Methods: Patients with cervical cancer presenting with common iliac or para-aortic lymph node metastases require EFRT, which often results in grade 3 HT. Therefore, we retrospectively analyzed data of 84 patients with FIGO stage IIIC cervical cancer who underwent concurrent chemoradiotherapy (EFRT, brachytherapy, and weekly cisplatin 40 mg/m2) at Harbin Medical University Cancer Hospital, including 40 who received BMS-IMRT and 44 who received normal IMRT. Dose–volume histogram (DVH) parameters and estimated treatment times were compared.
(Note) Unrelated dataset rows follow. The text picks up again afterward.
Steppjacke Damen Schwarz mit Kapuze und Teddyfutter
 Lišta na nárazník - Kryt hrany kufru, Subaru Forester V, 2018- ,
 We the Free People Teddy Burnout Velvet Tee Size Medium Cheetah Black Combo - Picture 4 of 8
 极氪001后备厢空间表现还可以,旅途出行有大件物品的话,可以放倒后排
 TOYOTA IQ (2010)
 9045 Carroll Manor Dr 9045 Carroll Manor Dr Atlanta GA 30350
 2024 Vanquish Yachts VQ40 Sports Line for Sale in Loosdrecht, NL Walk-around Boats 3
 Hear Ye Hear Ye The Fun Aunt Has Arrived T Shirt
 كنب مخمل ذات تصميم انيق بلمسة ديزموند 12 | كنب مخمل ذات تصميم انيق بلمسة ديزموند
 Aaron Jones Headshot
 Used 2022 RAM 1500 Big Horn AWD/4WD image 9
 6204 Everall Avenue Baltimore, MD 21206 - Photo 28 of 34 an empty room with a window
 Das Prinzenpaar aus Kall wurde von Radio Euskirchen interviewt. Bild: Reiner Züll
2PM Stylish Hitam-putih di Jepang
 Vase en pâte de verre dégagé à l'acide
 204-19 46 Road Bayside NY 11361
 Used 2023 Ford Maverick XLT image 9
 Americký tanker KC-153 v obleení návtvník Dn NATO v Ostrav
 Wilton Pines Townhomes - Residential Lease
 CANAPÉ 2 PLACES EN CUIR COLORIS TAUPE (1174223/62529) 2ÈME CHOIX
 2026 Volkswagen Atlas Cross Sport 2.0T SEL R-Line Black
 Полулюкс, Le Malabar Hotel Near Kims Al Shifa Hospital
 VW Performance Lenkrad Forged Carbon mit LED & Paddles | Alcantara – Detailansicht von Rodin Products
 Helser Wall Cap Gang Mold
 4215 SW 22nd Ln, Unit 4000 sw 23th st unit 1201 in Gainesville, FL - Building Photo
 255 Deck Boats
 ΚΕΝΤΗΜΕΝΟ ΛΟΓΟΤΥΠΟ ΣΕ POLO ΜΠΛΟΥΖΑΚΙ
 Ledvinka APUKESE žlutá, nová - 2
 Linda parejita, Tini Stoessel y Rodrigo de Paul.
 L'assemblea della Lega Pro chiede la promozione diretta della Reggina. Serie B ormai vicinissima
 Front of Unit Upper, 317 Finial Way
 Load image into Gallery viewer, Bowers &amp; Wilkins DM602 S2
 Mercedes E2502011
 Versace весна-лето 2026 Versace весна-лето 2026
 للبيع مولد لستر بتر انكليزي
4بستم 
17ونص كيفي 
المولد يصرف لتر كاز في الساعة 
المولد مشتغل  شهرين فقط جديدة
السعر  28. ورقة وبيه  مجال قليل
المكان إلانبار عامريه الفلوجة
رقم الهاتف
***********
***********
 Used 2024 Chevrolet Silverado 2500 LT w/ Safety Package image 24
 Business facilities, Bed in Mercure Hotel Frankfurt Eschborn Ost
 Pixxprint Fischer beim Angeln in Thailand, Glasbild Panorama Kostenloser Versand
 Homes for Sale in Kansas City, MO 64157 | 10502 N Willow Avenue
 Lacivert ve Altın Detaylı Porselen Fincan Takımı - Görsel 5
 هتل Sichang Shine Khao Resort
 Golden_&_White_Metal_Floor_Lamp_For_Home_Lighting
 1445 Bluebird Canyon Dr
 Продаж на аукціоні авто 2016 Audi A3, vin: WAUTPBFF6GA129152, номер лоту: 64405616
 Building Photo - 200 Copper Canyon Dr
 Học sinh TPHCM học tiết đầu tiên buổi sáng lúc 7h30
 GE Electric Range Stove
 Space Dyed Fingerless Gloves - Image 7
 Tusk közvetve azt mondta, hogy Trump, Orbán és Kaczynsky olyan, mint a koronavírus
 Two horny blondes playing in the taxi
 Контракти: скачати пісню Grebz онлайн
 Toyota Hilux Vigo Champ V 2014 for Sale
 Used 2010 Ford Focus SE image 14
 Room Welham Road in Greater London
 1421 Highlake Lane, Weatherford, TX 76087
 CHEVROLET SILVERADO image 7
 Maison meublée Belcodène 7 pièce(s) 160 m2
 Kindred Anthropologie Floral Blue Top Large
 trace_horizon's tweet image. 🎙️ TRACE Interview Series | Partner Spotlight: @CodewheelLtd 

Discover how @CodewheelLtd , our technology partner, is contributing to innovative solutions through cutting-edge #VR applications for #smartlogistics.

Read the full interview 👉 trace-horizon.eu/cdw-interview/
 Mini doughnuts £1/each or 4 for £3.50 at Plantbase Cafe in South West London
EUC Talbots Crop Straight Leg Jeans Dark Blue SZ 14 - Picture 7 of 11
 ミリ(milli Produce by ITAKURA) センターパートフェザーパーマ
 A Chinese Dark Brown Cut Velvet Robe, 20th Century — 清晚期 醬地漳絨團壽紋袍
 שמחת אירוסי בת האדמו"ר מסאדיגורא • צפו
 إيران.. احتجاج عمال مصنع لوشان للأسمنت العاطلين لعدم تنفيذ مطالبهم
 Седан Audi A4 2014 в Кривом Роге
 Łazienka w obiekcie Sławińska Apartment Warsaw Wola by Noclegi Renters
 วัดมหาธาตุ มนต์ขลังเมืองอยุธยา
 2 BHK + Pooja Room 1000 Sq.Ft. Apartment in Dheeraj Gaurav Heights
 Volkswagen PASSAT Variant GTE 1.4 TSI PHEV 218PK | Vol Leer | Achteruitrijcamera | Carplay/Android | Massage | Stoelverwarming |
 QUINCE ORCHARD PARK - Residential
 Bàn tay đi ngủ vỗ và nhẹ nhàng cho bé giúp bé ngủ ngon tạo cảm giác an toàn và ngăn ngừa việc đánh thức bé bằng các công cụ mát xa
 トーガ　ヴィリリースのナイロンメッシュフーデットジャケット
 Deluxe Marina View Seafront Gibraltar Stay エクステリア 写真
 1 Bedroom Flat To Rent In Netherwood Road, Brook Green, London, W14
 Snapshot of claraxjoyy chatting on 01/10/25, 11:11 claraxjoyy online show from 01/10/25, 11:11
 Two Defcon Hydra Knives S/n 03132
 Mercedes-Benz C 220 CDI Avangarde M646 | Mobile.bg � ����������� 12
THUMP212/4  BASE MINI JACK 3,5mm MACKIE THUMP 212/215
We also compared acute HT between the normal and BMS groups.
Results: Dosimetric analysis demonstrated that BMS-IMRT significantly reduced the mean volume of bone marrow receiving ≥10, ≥20, ≥30, and ≥40 Gy without affecting the target coverage of planning target volume and sparing the organs at risk. Within the BMS-IMRT group, 37.5% of the patients developed grade ≥3 HT, with an increase in HT (HT3+ = 61.4%) in patients receiving normal-IMRT (P = 0.029).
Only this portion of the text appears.